The "do more" admonition, commandment or challenge, which Pakistan has to put up with since soon after 9/11, has taken on a strikingly jarring ring. It has been endlessly repeated by the US media and officials. The latest salvo comes from General David McKiernan, US commander of 70,000 foreign troops in Afghanistan, who harps on the theme of eliminating the 'Taliban basis' within Pakistan's territory with greater efforts. His demand comes as he expects the injection of 21,000 more American troops in Afghanistan to put down the spreading insurgency and would, understandably, like to plug all possible avenues that he feels could contribute to his failure.
A vast majority of the people in Pakistan consider the "do more" voices no more than a cruel joke. It should be clear to the meanest intelligence that the country, which has suffered thousands of casualties and where no place appears to be secure from terrorist attacks, could not be taking the matter lightly. Nevertheless, it cannot pursue a ruthless military operation against its own people; it has to be mindful of its backlash that is already in evidence in the form of an increasing number of suicide bombings. Another course of action would be worth trying.
For General McKiernan to counsel Islamabad to put in more effort to root out the scourge from the tribal areas sounds, therefore, a bit too odd. Having been in the region, he should understand its complexities and the critical situation Pakistan is in better than the policymakers sitting in Washington and would do well to advise them to take a more realistic position. While it would be incorrect to absolve the forces that have been presiding over the country's destiny over the years from the blame of messing things up, US strategic objectives have had quite a share in bringing the situation to such a pass.
As it is, the country stands at a crossroads where all available routes seem to lead to one dangerous terminal or the other. The crisis is, perhaps, worse than the one of 1971 that brutally rent the two parts of the country asunder. There are sharp divisions among as well as within the religious and liberal classes on the fundamental issue of the nature of polity the country should evolve itself into: theocratic, secular democratic or liberal democratic having a strong undercurrent of Islamic values. The general run of people, mired in the fight for survival against heavy economic odds, has remained outside the political arena; it is, at best, perplexed.
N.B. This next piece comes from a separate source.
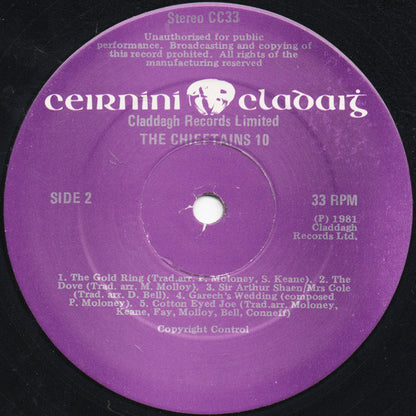 The Chieftains : The Chieftains 10 (LP, Album)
No doubt, the question of choosing a particular system of governance should ordinarily be an internal responsibility. But the issue has assumed frightening proportions as a direct result of Pakistan's participation in the US-sponsored War On Terror that has cost the country precious lives and enfeebled its economy. In financial terms, the loss would run into tens of billions of dollars against which the aid the Americans have given it would look pretty meagre.
As region watchers would point out, before the US chose to appear on the scene, Pakistan's tribal belt on the periphery of Afghanistan from which most of these troubles emanate was a calm place, living in relative harmony with the federation, though governed by its own laws and customs.
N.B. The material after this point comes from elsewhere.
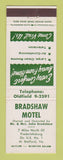 Matchbook Cover - Bradshaw Motel Stafford VA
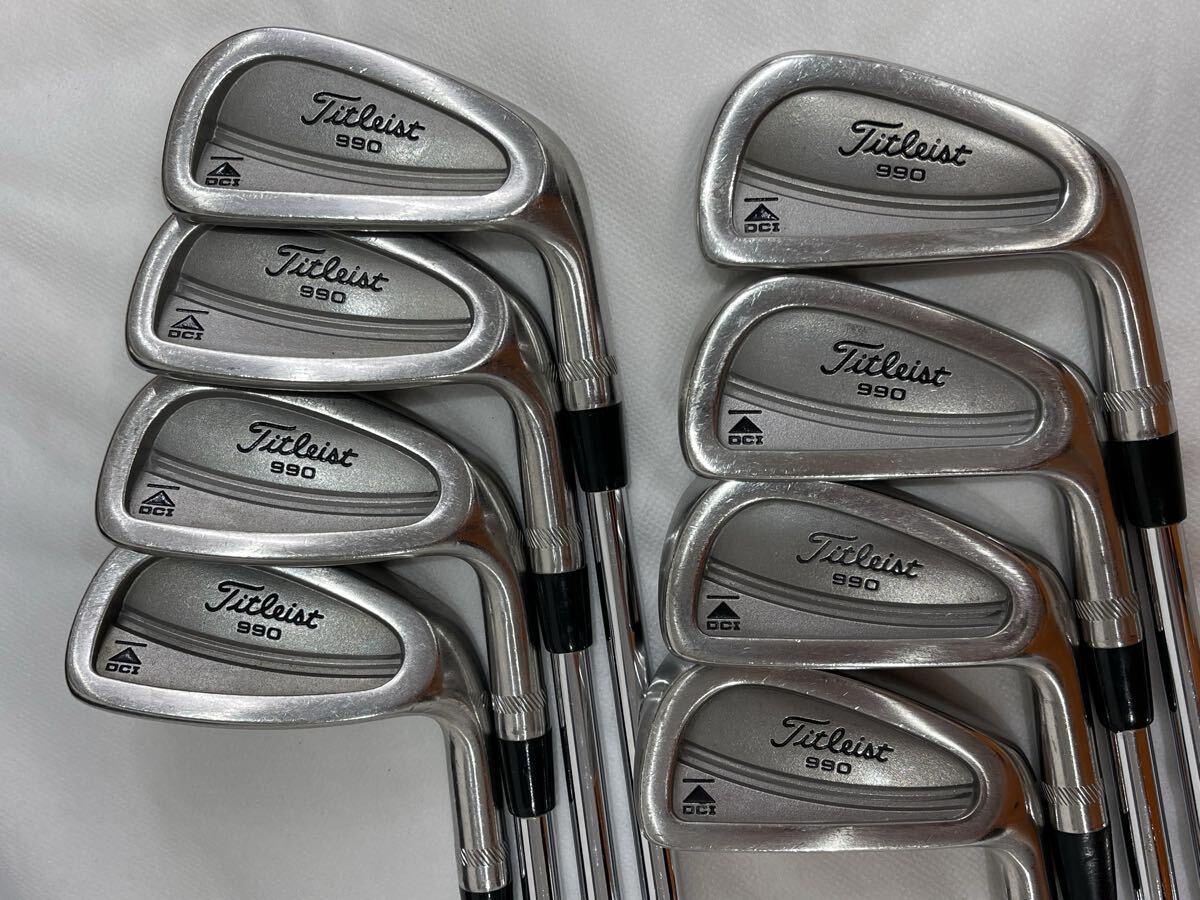 本州のみ送料無料◇即決価格◇アイアン◇タイトリスト◇DCI 990◇ダイナミックゴールド◇3-9,P◇S300◇(5I)38in,435g拍卖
The Americans inspired bands of young tribesmen and Muslims from different parts of the world with the spirit of jihad, recruited and trained them to fight the 'infidel' Soviets out of Afghanistan. In that mission, they found Pakistan a willing ally because of its own fears of the Russian presence next door. This factor has been cited to put the blame on Pakistan for the consequences of the geopolitical struggle between the two superpowers, but the view overlooks an important responsibility that the US had for taking care to rehabilitate in society the elements it had helped fire with religious fervour. Washington simply decided to withdraw from the area rather than play a leading role expected of it in properly winding up the socio-economic side of the operation, a role that was too difficult for Islamabad to handle single-handed.
While Pakistan was left to find its feet struggling against these elements for more than a decade, the US re-entered the scene on the excuse of getting hold of Osama bin Laden, dead or alive, whom the Taliban government had refused to surrender following 9/11. But this time round, it had to fight the same forces it had brought forth and nurtured.
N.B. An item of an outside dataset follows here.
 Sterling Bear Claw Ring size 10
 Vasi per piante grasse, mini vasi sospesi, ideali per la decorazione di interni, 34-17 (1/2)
Pakistan has to face another situation unfavourable to the US. Not merely the religious elements but a vast majority of the rest of the population as well are opposed to its presence in the region, as borne out by the various opinion polls conducted by international agencies. They are not necessarily supportive of militants; in fact, most are not. But if anyone is sympathetic to them, it is because of their cause of driving the American forces out of the region. It must be noted that there would be few dissident voices against the objective of their departure.
The Pakistan government finds itself in a vice-like grip, being squeezed by the US to "do more" from one side and the growing phenomenon of militancy from the other. One should expect the US to show patience and understanding of Pakistan's problems and give it solid support to fight off the pressure from the militants.